For the public she suggests going online to learn how to properly deal with someone having a seizure—http://www.epilepsymatters.com has first-aid information for both convulsive and non-convulsive seizures.
There is an old myth that you should put something in a person’s mouth during a seizure to keep them from swallowing their tongue. This is not true and can be dangerous.
“I’ve had people stick all kinds of things in my mouth and that is totally wrong.”
If somebody is witnessing someone having a seizure they need to be assisted to the ground and protected from hitting their head or injuring themselves. If the seizure lasts for more than five minutes, call 911.

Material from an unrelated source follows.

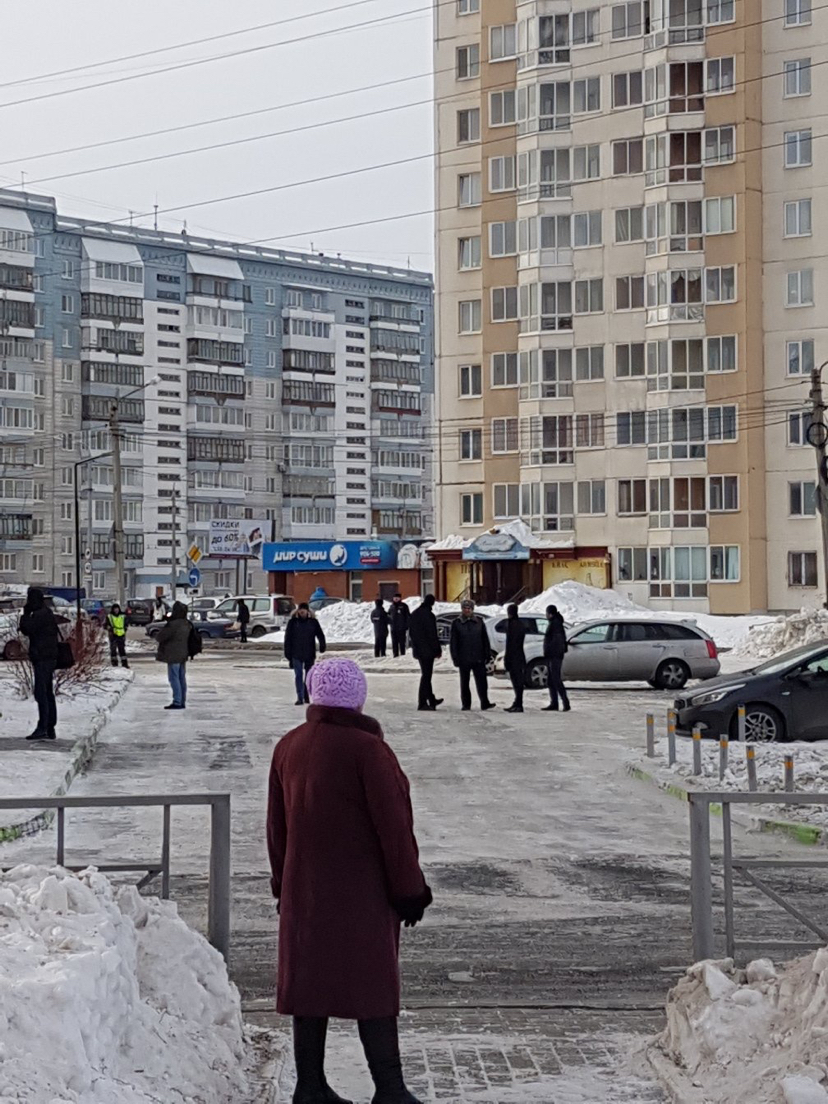 Дом образцового содержания в Томске | Пикабу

Place them in the recovery position (on their side) and make sure they are not slapping anything. Once the seizure has ended, pat their back gently and continue talking to them, letting them know that there is somebody there.
For those who do have epilepsy she stresses the importance of always wearing a medic alert bracelet and carrying an up-to-date list of all medications.
“Epilepsy just needs to be brought to light and understood a little bit better. It’s a neurological problem that we have called epilepsy, and a symptom of the epilepsy is the seizures. Other than that we are really no different than anybody else.”
The B.C. Epilepsy Society has epilepsy awareness and educational materials available online at www.bcepilepsy.com.
“I definitely want this to get out because I know there are plenty of families with children who have some form of epilepsy and I want to help the community understand,” explained Jennifer.